Including exposure therapy during internet-based cognitive behavioral therapy (ICBT) was associated with reduced treatment costs in irritable bowel syndrome (IBS), a Swedish randomized trial found.
While use of ICBT with exposure initially increased direct patient costs by 20% ($213.50 per participant) versus ICBT without exposure, the added therapy led to greater reductions in societal costs over 6 months ($2,020.10 vs $602.60, respectively), reported Hugo Wallen, a PhD student from the Karolinska Institutet in Stockholm, and colleagues.
At 6 months after treatment, a return-on-investment analysis showed a return of $5.64 for every $1 invested in ICBT with exposure therapy, according to the findings in BMC Gastroenterology.
“Exposure exercises are demanding for patients, possibly making the treatment more time consuming for both patients and therapists and hence more expensive,” the group wrote in their introduction. “On the other hand, a more efficacious treatment that reduces both IBS symptoms and IBS-related avoidance behavior can potentially reduce societal costs.”
The therapy led to non-significant increases in time spent on ICBT for both patients (36.1 vs 29.9 hours) and therapists (1.6 vs 1.4 hours) alike.
ICBT with exposure led to a 12.97-point reduction in Gastrointestinal Symptom Rating Scale (GSRS)-IBS score, as compared to a 9.09-point reduction in the group that did not receive exposure therapy. According to a relative incremental cost effectiveness ratio, each 1-point reduction on GSRS-IBS score was associated with societal savings of approximately $301.69.
Significant clinical improvement (a 30% decrease or more on GSRS-IBS) was seen in 66% of participants who received exposure compared to 52% of those who did not.
“The hypothesis was that exposure — by providing patients with better strategies to handle symptoms and/or by reducing the severity of symptoms — would reduce the need for health care and sick leave more than the same treatment without exposure and thereby make up for its potentially higher direct treatment costs,” the group wrote.
In the U.S., direct IBS healthcare costs — medical exams, medications, and other treatment options — have been estimated to cost $2 billion per year. Adding indirect IBS costs increases that number to roughly $30 billion per year.
Based on their prior work showing that adding exposure therapy to CBT was effective for treating IBS, Wallen and colleagues wanted to assess the economic effects of the approach with ICBT.
“Our research group has developed a CBT protocol for IBS that is based on the role of gastrointestinal symptom-specific anxiety (GSA) in the maintenance and exacerbation of symptom severity and disability in IBS,” Wallen and colleagues explained.
High GSA levels are associated with a reduced quality of life, and patients tend to avoid behaviors that would provoke symptoms, they noted. For example, a person may avoid eating a specific food due to fear of not being close to a bathroom, and become embarrassed.
Their GSA-CBT protocol combines four treatment areas: mindfulness training, systematic exposure to IBS stimuli, psychoeducation, and values-based behavioral change. The goal of systematic exposure is to reduce anxiety and IBS severity.

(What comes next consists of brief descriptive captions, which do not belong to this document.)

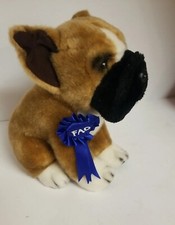 Boxer Dog FAO Schwarz Plush Blue Ribbon Stuffed Dog Animal 2012 Displayed only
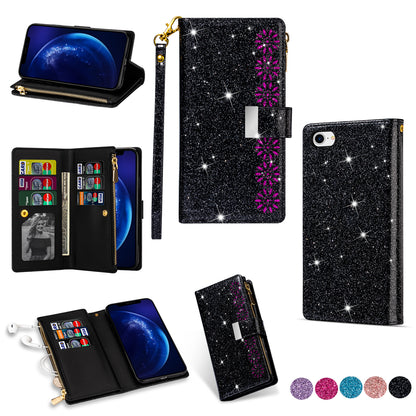 Glittery Starry Style Laser Carving Zipper Wallet Stand Leather Phone Shell for iPhone SE (2020)/SE (2022)/8/7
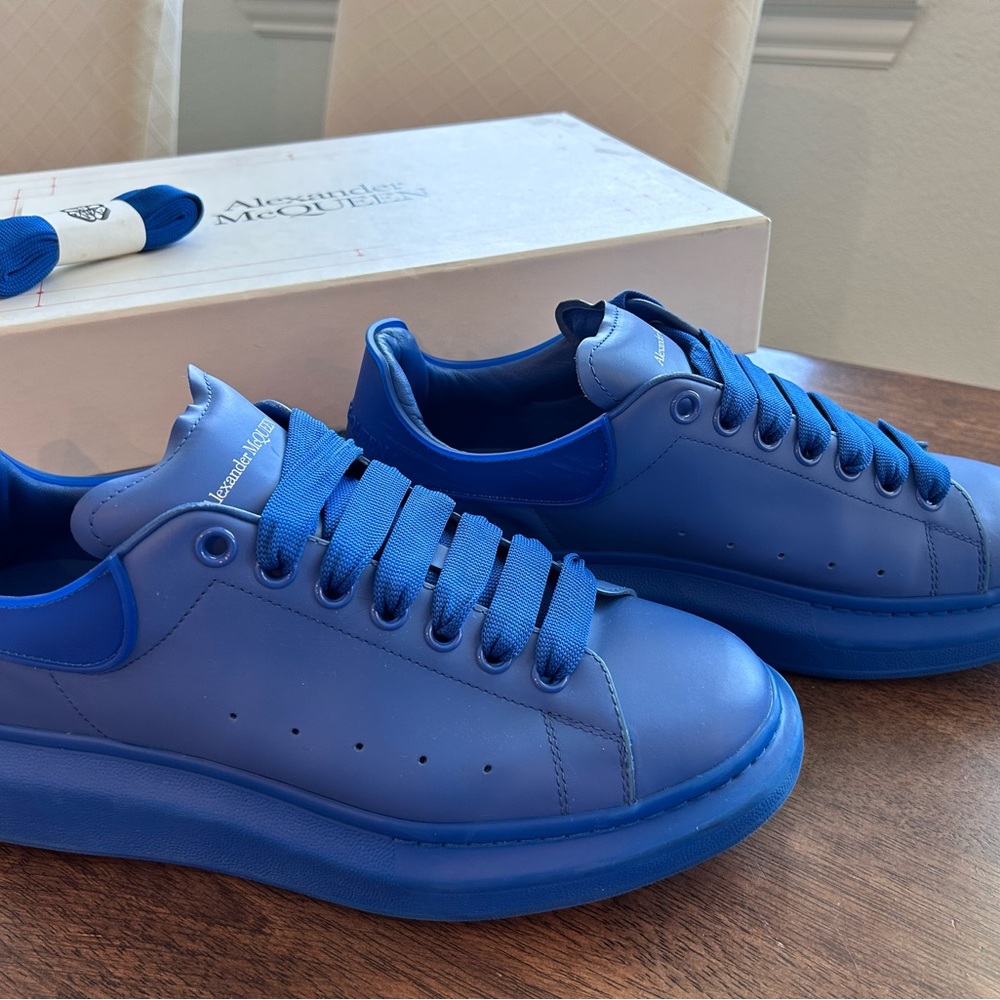 Alexander McQueen Blue Sneakers with Minimalist Design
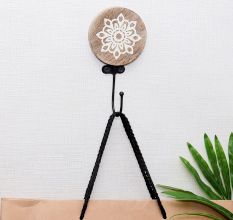 Floral Brown Wooden Hooks for Hanging Towels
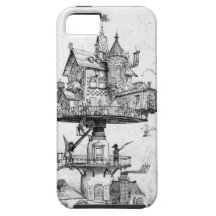 Steampunk flyg- hus av Albert Robida iPhone 5 Cases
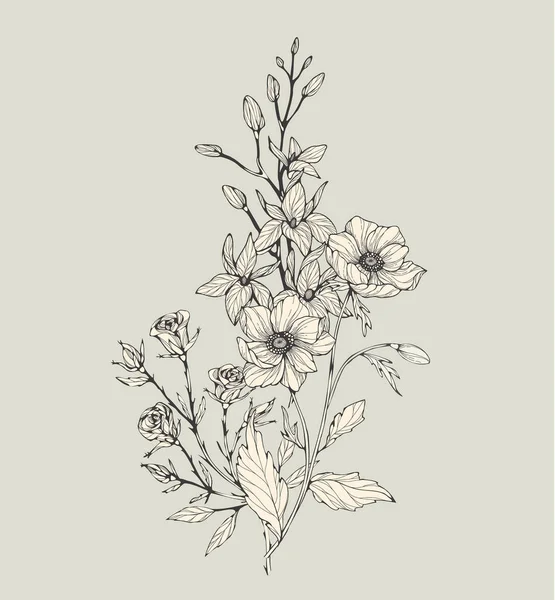 Μοντέρνο κλαδί λουλουδιών και μινιμαλιστικά λουλούδια για λογότυπο ή διακόσμηση. Χειροποίητο γαμήλιο βότανο, κομψά φύλλα για πρόσκληση αποθηκεύστε την κάρτα ημερομηνίας. Βοτανικός ρουστίκ μοντέρνο πράσινο — Διανυσματικό Αρχείο
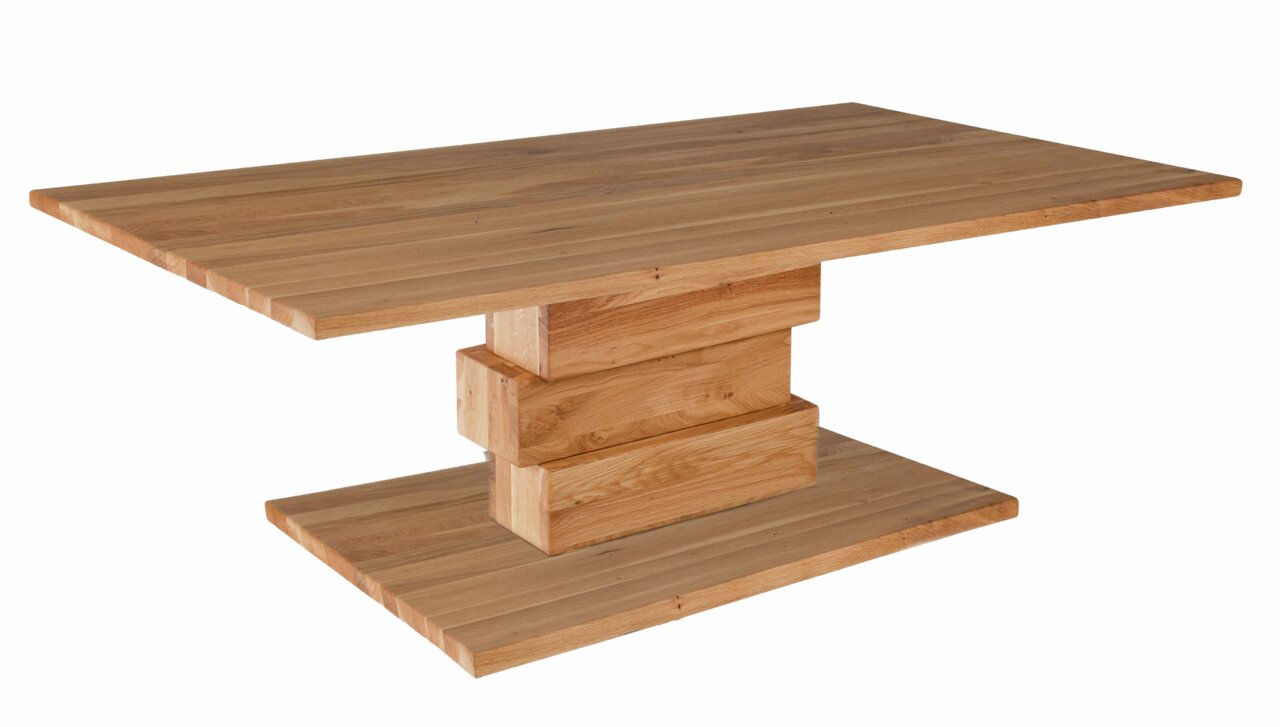Moderne houten salontafel met rechthoekig tafelblad en stevig, getrapt onderstel, gezien vanaf de zijkant.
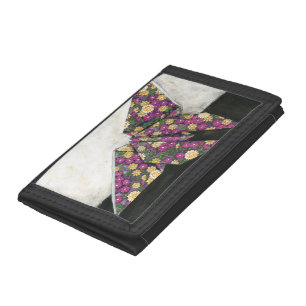 Origami Butterfly on Floral Paper Trifold Wallet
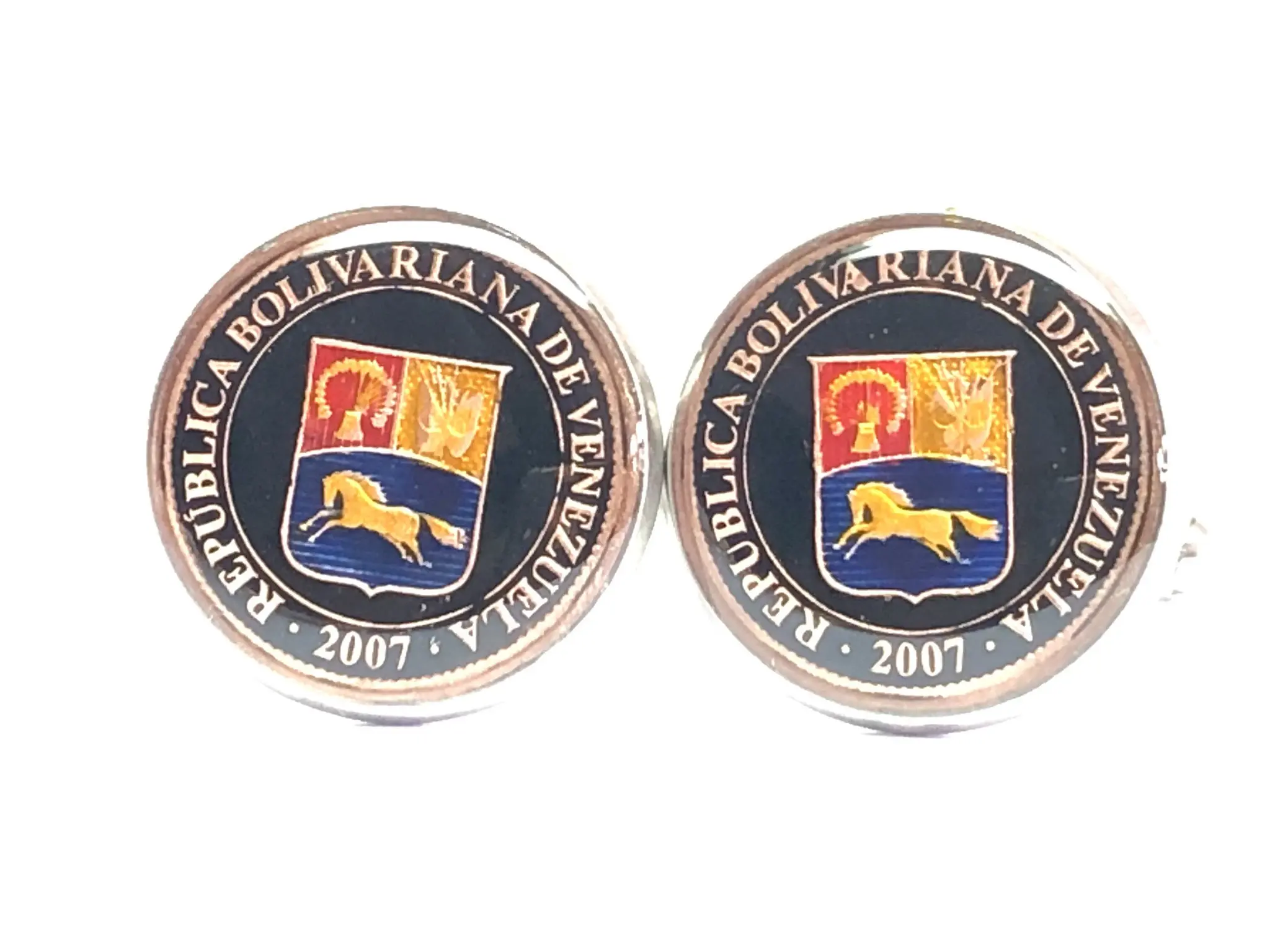 Venezuela coin cufflinks  5 Céntimos coat of arms gemelos de monedas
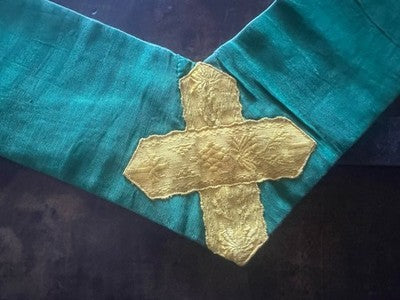 🔴 Stola liturgica cattolica broccato verde con croci dorate XIX/XX secolo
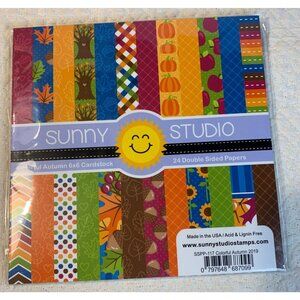 Sunny Studio Colorful Autumn Cardstock Pack 6x6 24 Sheets For Crafting & Scrapbo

“The study showed that inclusion of exposure had an incremental treatment effect and that the effects of exposure were mediated through reduced GSA (i.e., avoidance behavior and symptom-worry),” the authors stated.
The current study included 309 Swedish adults with IBS who were randomized 1:1 to ICBT with or without exposure therapy. Average participant age was 42, and almost 80% were women. On average, most participants were diagnosed with IBS about 8.4 years prior to study enrollment.
Patients were included if they met the ROME III requirements for an IBS diagnosis, but excluded if they had alarming or severe psychiatric symptoms. Patients endured 10 weeks of internet-provided education and were guided to “expose themselves to IBS-related situations and stimuli that elicited fear and distress.” Internet treatments ended with a text message on IBS relapse prevention by a psychologist who followed up with participants in a messaging system.
Direct and indirect costs were compared at baseline and after treatment, with the primary endpoint being costs after 6 months of ICBT. Outcomes, as measured by GSRS score, were examined before treatment, at 6 months of treatment, and after treatment.
Limitations of the study included the possibility for non-IBS-related medical costs to be included, thus overestimating costs in the analyses. Healthcare costs also vary between Sweden and the U.S., where the estimates were calculated. Furthermore, some participants did not complete treatment, and statistical modeling filled in missing data.
Zaina Hamza is a staff writer for MedPage Today, covering Gastroenterology and Infectious disease. She is based in Chicago.
Funding was provided by the Karolinska Institute in Sweden. One author declared ownership of the treatment being studied.